Megan Price, a senior statistician for Benetech, the California firm that compiled the report for the UN Office of the High Commissioner for Human Rights, said Rahman had shared his concerns with the report’s authors. "We have nothing but the utmost respect for the groups doing this very hard work,” Price said, adding that Rahman’s concerns about the accuracy of some of the data used in the study “are valid."
But she also said she still agreed with the report’s general conclusion that the data used to compile the report, gathered from six organizations and the Syrian government, almost certainly missed a number of deaths that have yet to be counted. “The statistics presented in this report should be considered minimum bounds,” the report said.

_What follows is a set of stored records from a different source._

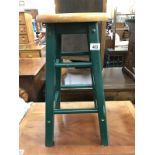 A kitchen stool with green painted base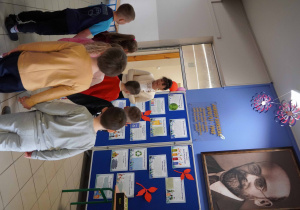 Pani Dyrektor rozmawia z dziećmi przy gazetce ściennej poświęconej Januszowi Korczakowi.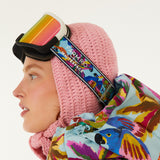 Head shot of model looking left, wearing Farm Rio/WHITESPACE ski googles over a crochet hood and light blue puffer jacket with macaw graphics, on a white background.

“Based on our experience in other countries, and really just thinking about the way that violence occurs, there will inevitably be violence that is not recorded, especially if it leaves behind only the perpetrators or witnesses who don’t feel safe enough to report or they don’t have any reason to,” she said.
That view was endorsed by Radwan Ziadeh, the director of the Syrian Center for Political and Strategic Studies, which is part of another group that tracks casualties, the Syrian Network for Human Rights. The network, which only records deaths of rebel fighters and civilians, has reported the deaths of 42,343 people since March 18, 2011.